Mais dis moi, Tonton Antoine, cela devait être super de voir Borg jouer et écraser tout le monde comme Nadal aujourd’hui, non ? Malheureux, c’était affreux ! Non seulement il n’y avait aucun suspense, mais en plus Borg se contentait de renvoyer la balle une fois de plus que l’autre jusqu’à ce qu’il fasse la faute, sans jamais rien faire. Les seules fois ou il faisait quelque chose, c’est quand l’autre en avait marre, avait compris qu’il ne pouvait pas gagner l’échange et montait au filet. Et là, Borg le plantait neuf fois sur dix avec un passing démoniaque.
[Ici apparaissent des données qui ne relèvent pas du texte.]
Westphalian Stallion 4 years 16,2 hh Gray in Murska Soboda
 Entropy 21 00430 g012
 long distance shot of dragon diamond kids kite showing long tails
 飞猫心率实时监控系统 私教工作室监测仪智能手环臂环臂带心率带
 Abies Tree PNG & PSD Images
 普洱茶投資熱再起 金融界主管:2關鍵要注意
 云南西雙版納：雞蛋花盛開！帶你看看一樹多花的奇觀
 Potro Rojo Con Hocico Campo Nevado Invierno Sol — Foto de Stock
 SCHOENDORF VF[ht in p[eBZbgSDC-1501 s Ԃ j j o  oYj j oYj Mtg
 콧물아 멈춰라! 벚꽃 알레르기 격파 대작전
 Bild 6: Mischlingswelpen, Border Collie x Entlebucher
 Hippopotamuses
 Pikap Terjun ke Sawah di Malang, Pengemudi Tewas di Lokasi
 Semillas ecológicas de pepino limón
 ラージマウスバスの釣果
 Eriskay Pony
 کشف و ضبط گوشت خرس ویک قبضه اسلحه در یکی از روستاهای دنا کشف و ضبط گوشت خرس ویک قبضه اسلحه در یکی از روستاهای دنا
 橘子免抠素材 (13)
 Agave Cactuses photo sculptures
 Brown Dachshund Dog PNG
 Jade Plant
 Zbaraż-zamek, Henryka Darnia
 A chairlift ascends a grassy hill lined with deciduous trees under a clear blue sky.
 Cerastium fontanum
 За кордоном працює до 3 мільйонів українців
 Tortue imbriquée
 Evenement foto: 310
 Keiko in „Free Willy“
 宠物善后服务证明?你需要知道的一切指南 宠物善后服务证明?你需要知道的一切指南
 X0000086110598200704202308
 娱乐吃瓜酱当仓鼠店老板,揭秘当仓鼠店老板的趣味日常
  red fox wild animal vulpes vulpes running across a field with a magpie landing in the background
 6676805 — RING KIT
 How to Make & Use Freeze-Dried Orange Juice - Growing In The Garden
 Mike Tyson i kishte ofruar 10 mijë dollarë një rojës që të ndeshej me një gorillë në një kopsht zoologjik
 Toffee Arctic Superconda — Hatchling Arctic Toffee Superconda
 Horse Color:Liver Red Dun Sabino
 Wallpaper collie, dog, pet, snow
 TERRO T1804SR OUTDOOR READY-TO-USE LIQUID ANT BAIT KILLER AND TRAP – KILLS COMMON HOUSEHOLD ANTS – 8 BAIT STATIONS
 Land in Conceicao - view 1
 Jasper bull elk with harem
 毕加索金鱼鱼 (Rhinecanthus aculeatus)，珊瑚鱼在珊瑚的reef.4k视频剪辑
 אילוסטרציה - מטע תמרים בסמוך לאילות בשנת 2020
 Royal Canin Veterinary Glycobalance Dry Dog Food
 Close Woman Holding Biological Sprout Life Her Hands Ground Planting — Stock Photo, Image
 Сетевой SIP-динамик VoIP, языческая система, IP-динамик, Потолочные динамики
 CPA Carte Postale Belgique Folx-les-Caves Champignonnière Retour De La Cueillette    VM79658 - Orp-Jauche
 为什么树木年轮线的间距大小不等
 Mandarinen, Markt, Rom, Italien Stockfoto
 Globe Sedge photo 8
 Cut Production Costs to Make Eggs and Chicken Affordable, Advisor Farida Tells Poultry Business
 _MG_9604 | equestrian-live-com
C’était bien pire que Nadal aujourd’hui… Comment peux tu oser dire cela, Tonton Antoine, Rafa, c’est le top ! Il l’aurait écrasé ton Borg ! Eh bien cela, je n’en suis pas sûr du tout mon petit et je soutiendrais même le contraire ! Tu n’es qu’un vieux schnock qui défend des fossiles ! Ces types étaient nuls, il suffit de voir sur youtube, cela jouait à deux à l’heure ! Mais vas-tu te taire petit ignare !
A cette époque là, avec les filles, c’était pareil : en 74, Chris Evert gagne son premier Roland Garros et elle en a gagné 7, elle. Elle jouait comme Borg : revers à deux mains et imbattable sur terre battue pendant très longtemps. On n’était pas gâté mais au moins, il y avait Navratilova qui arrivait à gagner de temps en temps. Non, les enfants, c’était une sale époque en réalité, c’est avant que c’était bien : quand il y avait Rosewall, Laver et les autres Australiens. En fait, le tennis décline continuellement depuis les années 60 au moins. Il n’y a plus un seul type capable de faire une volée correcte à part Llodra…
T’es vraiment un vieux réac, Tonton Antoine ! Bon, ça suffit, on rentre… !
Tags: Histoire, Nastase, Roland Garros
Ah oui, Merci Antoine pour ce texte. Delicieux..
Moi j’avais vu Nastase a RG un peu apres toi. En 84 en double avec Clerc, je crois, sur le central. C’etait a mourir de rire : Nastase et Clerc se sont amuses tout le match a jouer des balle hautes pour faire smasher leurs adversaires, et remettre leur smash 3, 4, 5 fois.. autant de fois qu’ils pouvaient. ET je crois qu’ils ont bien fini par gagner.